## Work to complete
Write out the listing verbatim. No pictures belong in it.

## Material provided
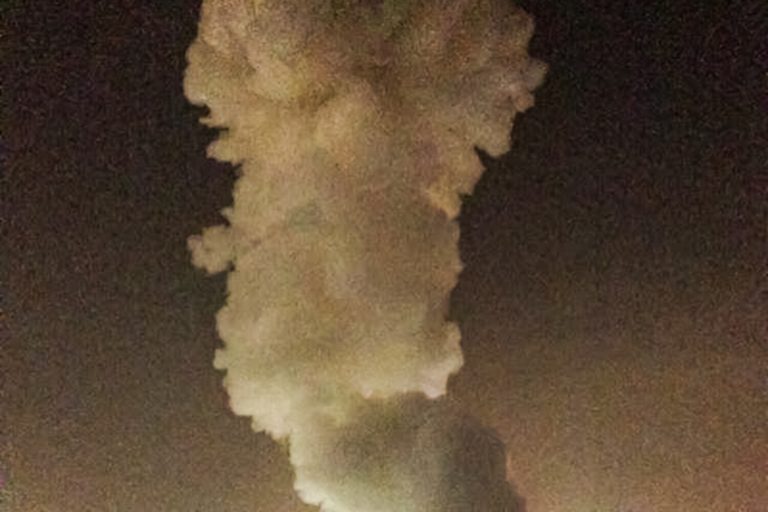Israeli Attack on Iran's Isfahan Nuclear Facility: No Dangerous Materials Released, Tensions Escalate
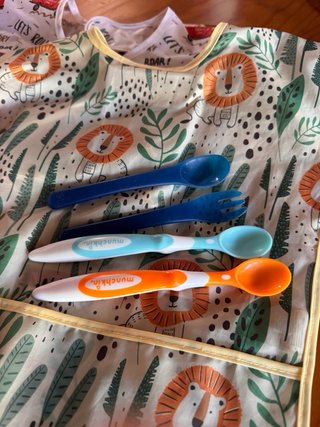 Set de comida bebe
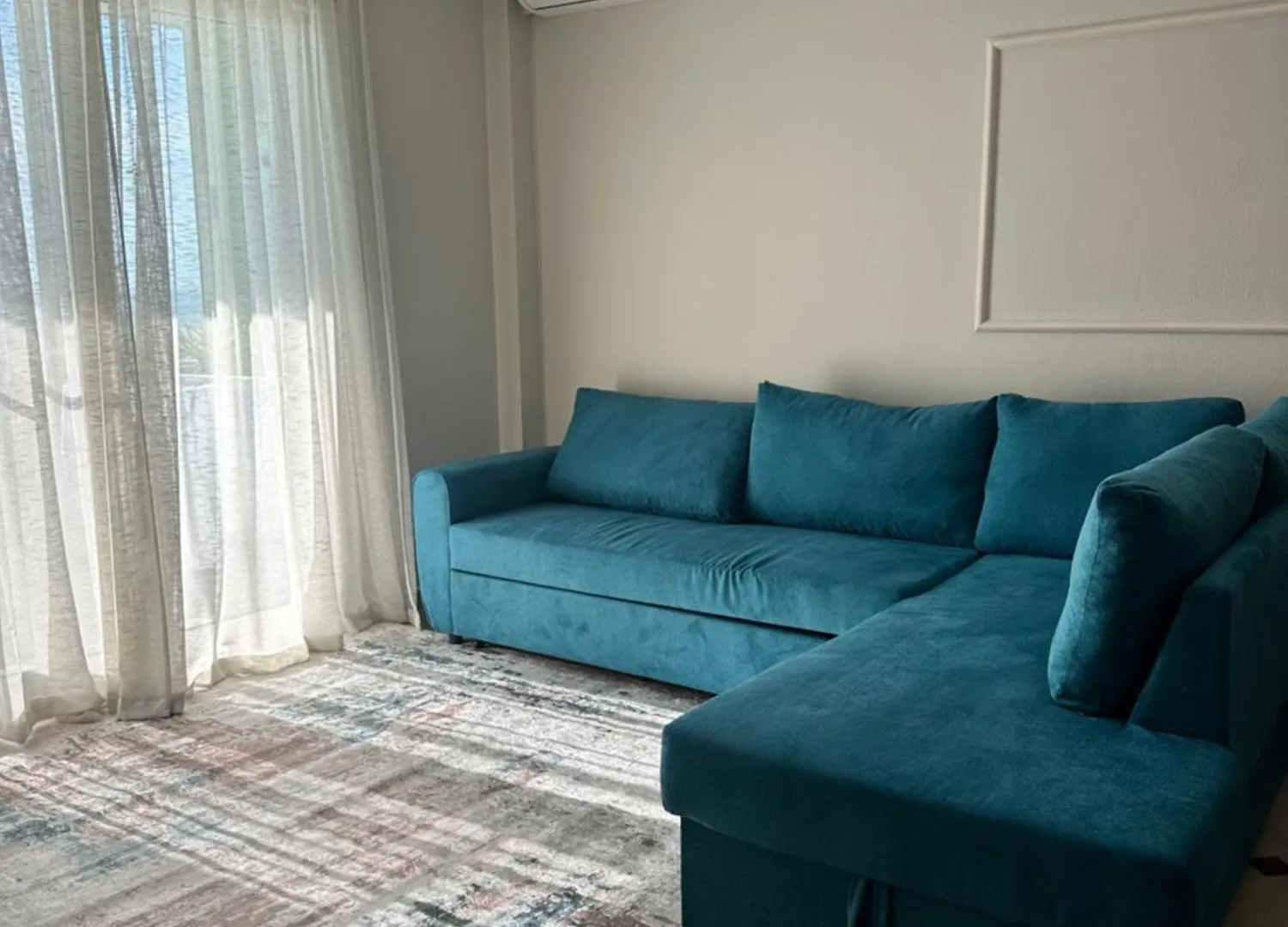 شقة The Seafront Loft Durres Sea View 0*,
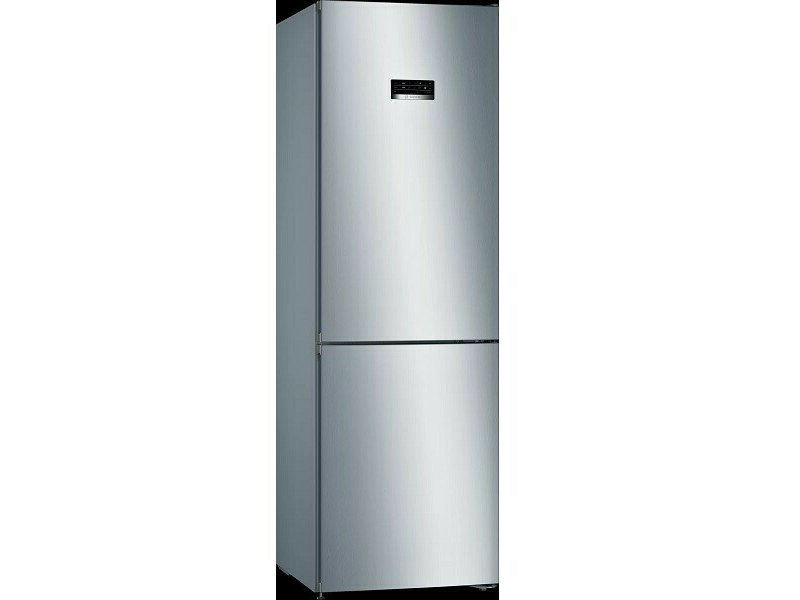 BOSCH KGN36MLEB Ψυγειοκαταψύκτης 326lt NoFrost Υ186xΠ60xΒ66εκ. Inox 0032707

## Answer to the problem
Israeli Attack on Iran's Isfahan Nuclear Facility: No Dangerous Materials Released, Tensions Escalate
 Set de comida bebe
 شقة The Seafront Loft Durres Sea View 0*,
 BOSCH KGN36MLEB Ψυγειοκαταψύκτης 326lt NoFrost Υ186xΠ60xΒ66εκ. Inox 0032707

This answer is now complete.